As a preview of our parent workshop on the subject of Freedom and Discipline (now rescheduled to be on February 13th), I have some thoughts for you on the subject. Keep in mind, however, that the great opportunity we all have to participate in this roundtable discussion. (This must be how priests feel when Christmas is on a Saturday and they tell us that THE SUNDAY OBLIGATION HAS NOT BEEN DISPENSED WITH.)
For the people outside the Catholic Church, my little reference in the last paragraph may have made very little sense, or even reminded you of the stereotype that the Catholic Church is all about rules.

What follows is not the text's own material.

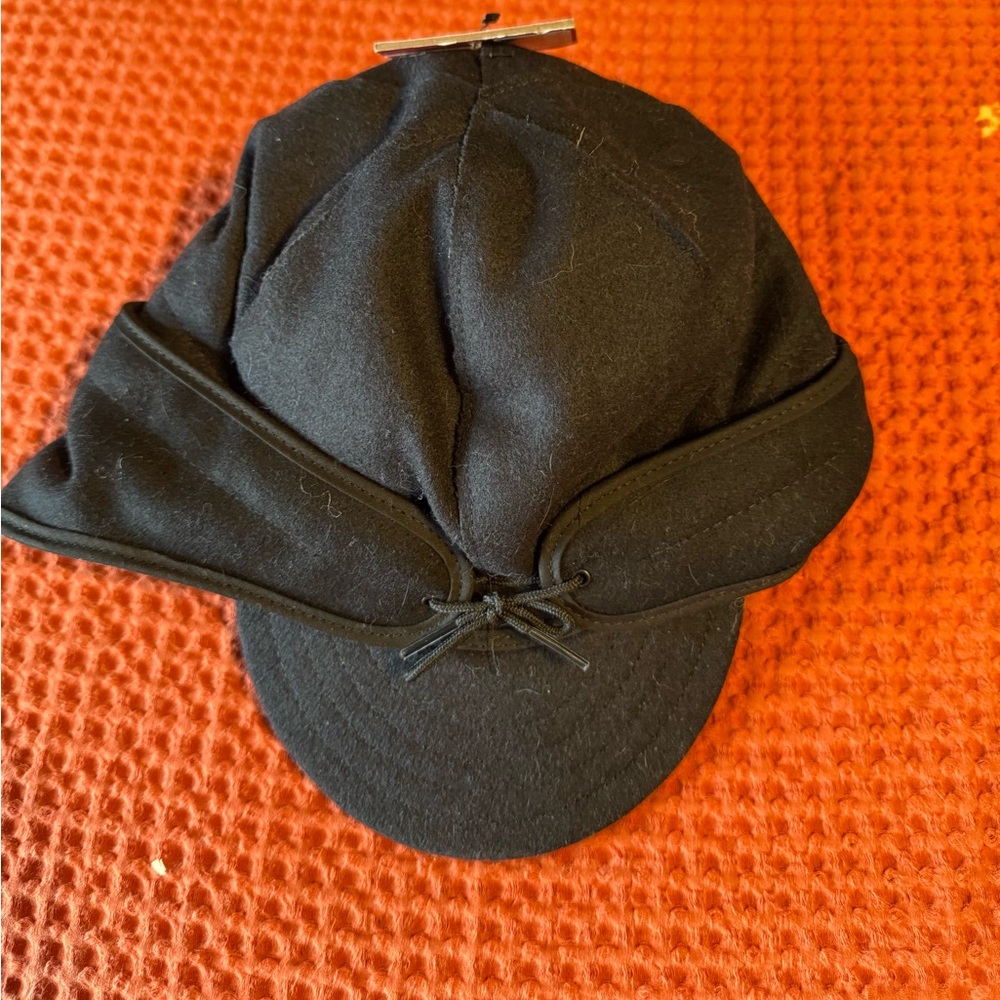 Men's Black Winter Hat with Ear Flaps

On Tuesday, I heard a wonderful homily at my parish which reminded me of a great truth: that these rules exist to carry us along until we have grown in love to the point where we are so in love with God that we are, as the Apostle wrote, a law unto ourselves. Saint Anthony the Great, one of the first Christian monks, put it this way, "once I feared God; now I love Him." Some of our atrium students would add some nuance here: the saint is not talking about "fear" like fearing spiders or deadlines. The saint is talking about a proper sense of reverence and awe; an acknowledgment that he is in charge and we ought to care what He thinks of our actions. After that, I might add in that if Saint Anthony were here to expand upon what he had said, he would probably tell us that the path to true love of God was through a long season of reverence and awe.
To paraphrase one of our contemporaries (Mrs. Ashton), discipline in the Montessori classroom is a combination of two things: 1. Holding firm limits and 2. Teaching grace and courtesy skills. It is by this combination that we seek to accompany each child on the journey to make their will virtuous so that the limits which were once outside themselves enter their heart and mind.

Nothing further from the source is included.